Like everything he does, this is only the beginning. The shifting of the three tones mentioned earlier are another story, first heard by the public in a Latitude 53 show which matched audible wavelengths with the patterns they created in enlargements we see again here. But these sounds, with which Joynes ended his live-edited video performance at the Art Gallery of Alberta’s Biennial, have more work to do.
 

Moving forward, 46-year-old Joynes turned the trio of ringing sounds in on themselves, “so the tones are actually having this conversation, and all the modulation is all random, depending on what proximity sensors are opening and closing the other ones.”
 

You can ask Joynes, a.k.a. Clinker, to explain his circuits and modulations at the show Thursday night – it would make Mr. Spock raise an eyebrow. “I sort of see them as singing together, in a sense. I was curious if I turned them in on each other if they’d actually open and close each other, and they did.”
 

Even this isn’t the end of the story. “The soundwaves migrated from the AGA performance, metaphorically, and will sit and decay over the 100 days of the Biennial,” the artist explains.
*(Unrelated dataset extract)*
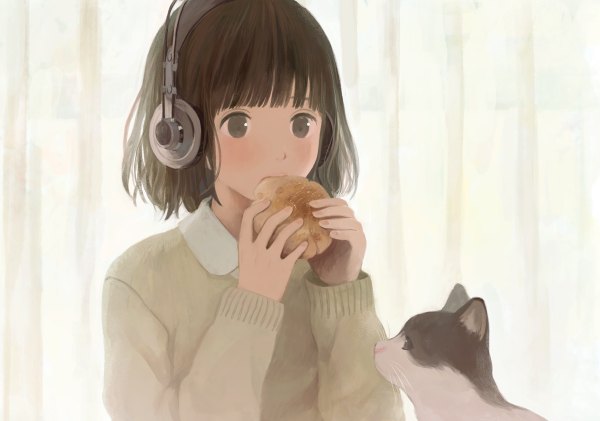 Anime picture 1200x842 with original nakamura hinata blush fringe short hair open mouth brown hair eating girl animal food headphones curtains cat sweater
Oh, and he’s also recording it, the entire 100 days, over a terabyte of information.
 

And this is just the appetizer. The main gallery is conceptually simpler and more traditionally visual-based, building on Joynes’ directed-sound, sand-on-plate experiments. Shot at low angles with micro lenses, Joynes photographed the striking geographical fallout of his directed tones. Enormous, the resulting enlargements of areas shorter than a finger come across as seascapes of an indeterminate scale, somewhere outside the age of man. Though still, they’re full of movement, the sand grains having etched trails into the metal. That’s the main course. For dessert, in an area black-curtained, projections of his images on an actual dune of sand. And on March 7, Joynes will repeat his live cinema AGA performance, Peregrination, bringing it all home.
 

“I like the idea of setting a system or machine in motion and then being an observer,” notes the sound artist, nodding. “I’m just the catalyst.”